WHAT IS EXPECTED - Could you restate the data below word for word, without its pictures?

[Records from a data collection]
——

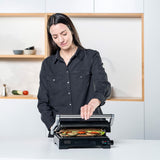Piastra grill elettrica Black & Decker in uso con verdure grigliate su un piano di lavoro moderno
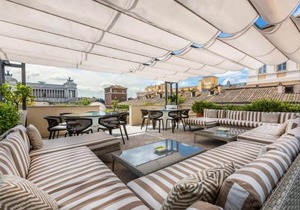 Amazing Penthouse Piazza Venezia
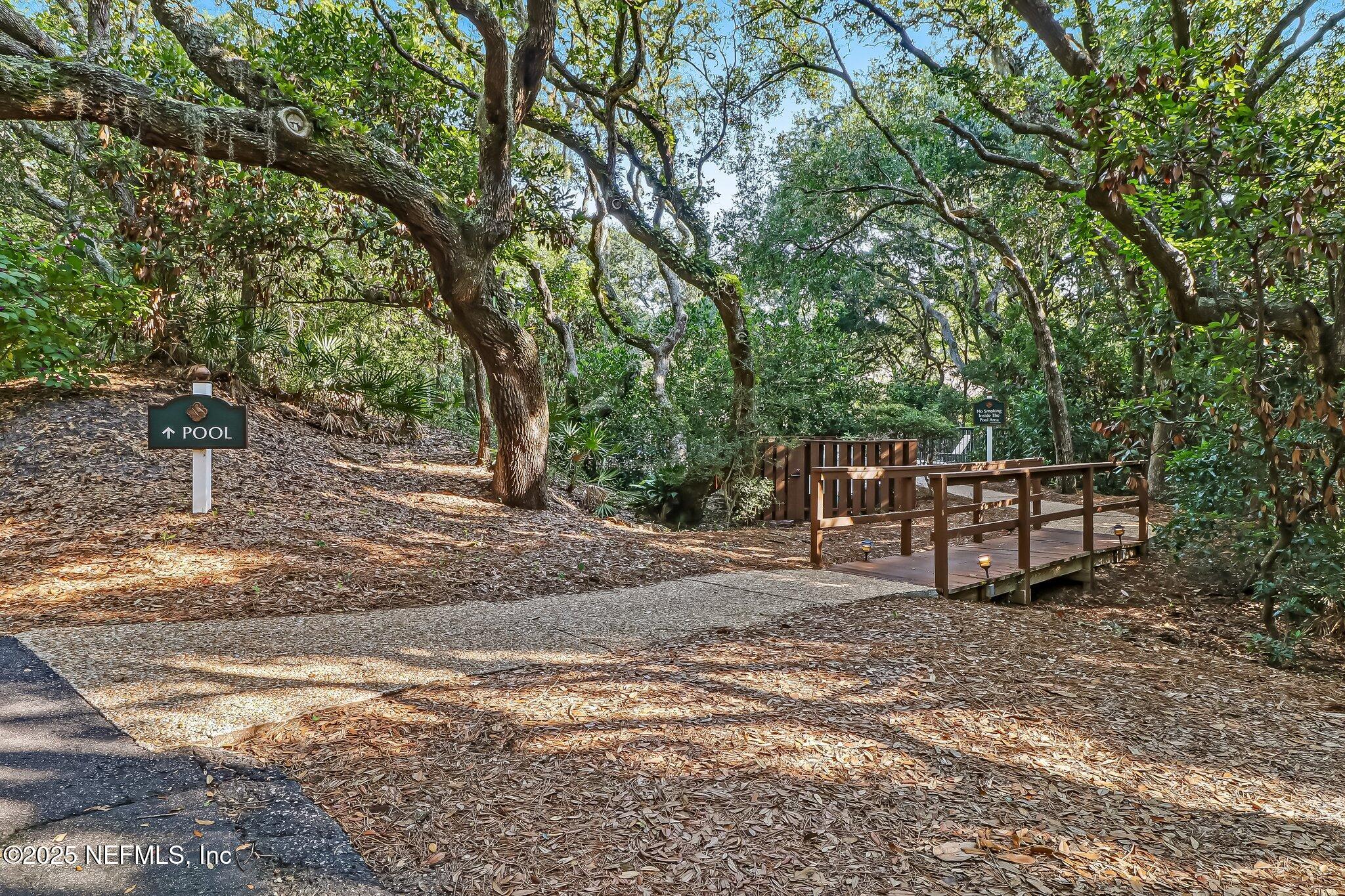 Condominium in Fernandina Beach FL 2055 BEACH WOOD Road 76.jpg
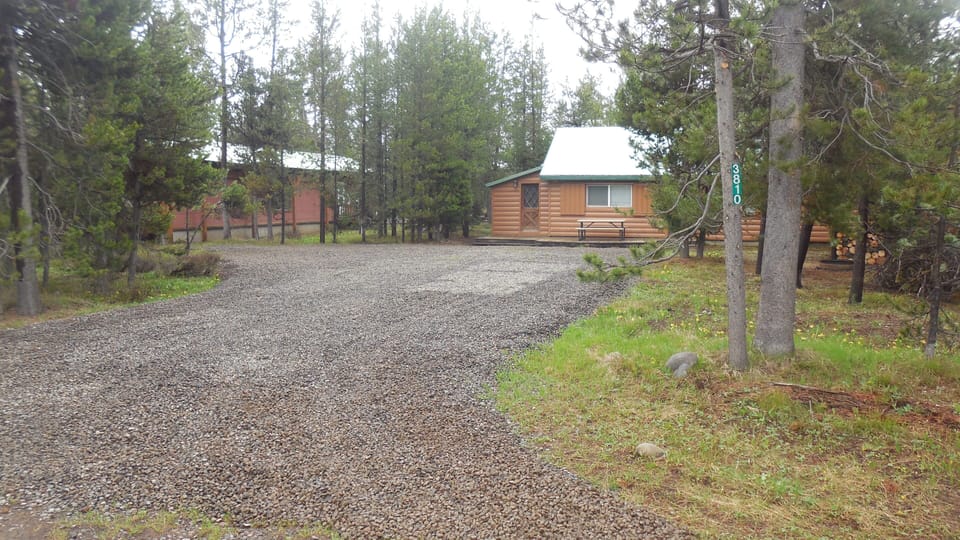 Driveway, Parking
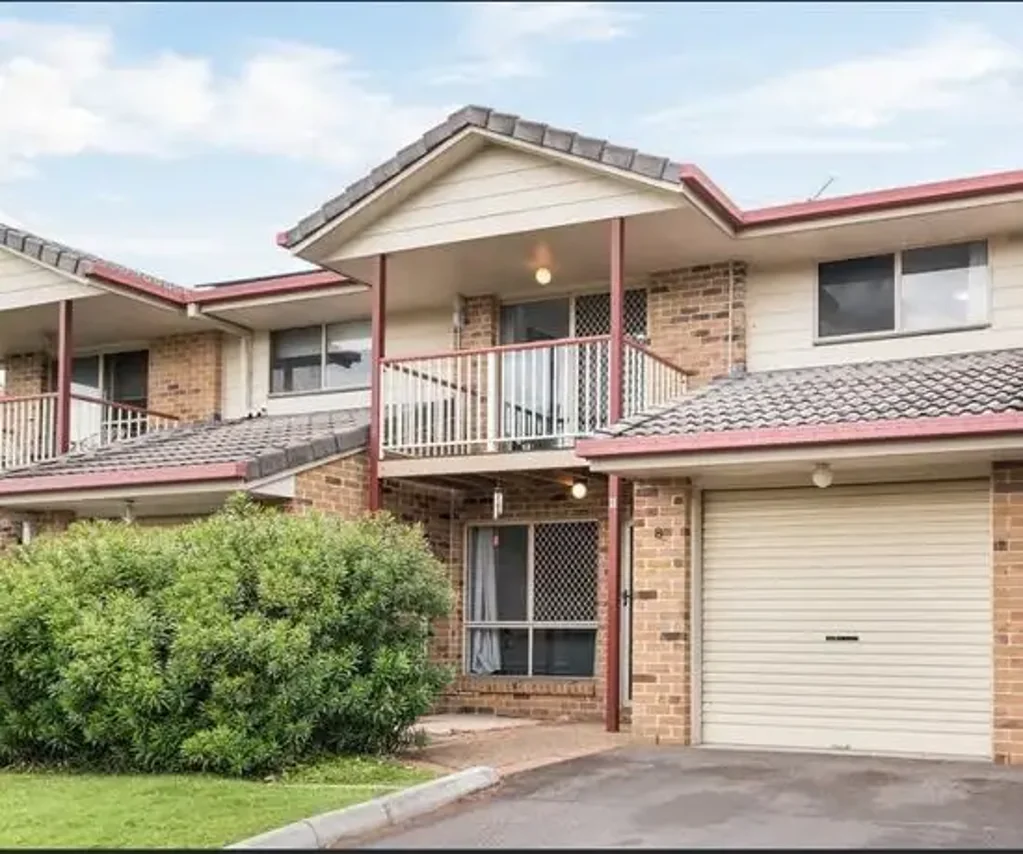 Calamvale 3房  Fantastic Modern Home In Resort Like Complex With View Of Swimming Pool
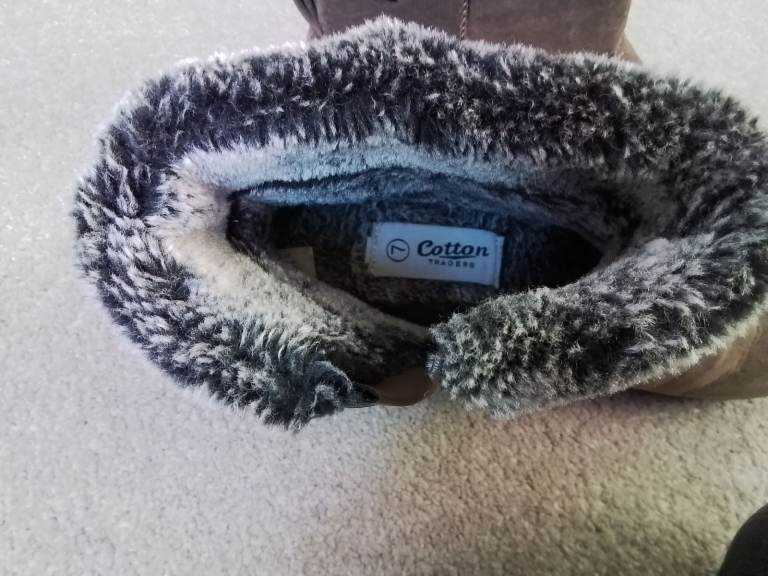 Cotton Traders boots - faux fur lined.  Good condition.  Size 7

——

RESPONSE TO THE EXERCISE -
Piastra grill elettrica Black & Decker in uso con verdure grigliate su un piano di lavoro moderno
 Amazing Penthouse Piazza Venezia
 Condominium in Fernandina Beach FL 2055 BEACH WOOD Road 76.jpg
 Driveway, Parking
 Calamvale 3房  Fantastic Modern Home In Resort Like Complex With View Of Swimming Pool
 Cotton Traders boots - faux fur lined.  Good condition.  Size 7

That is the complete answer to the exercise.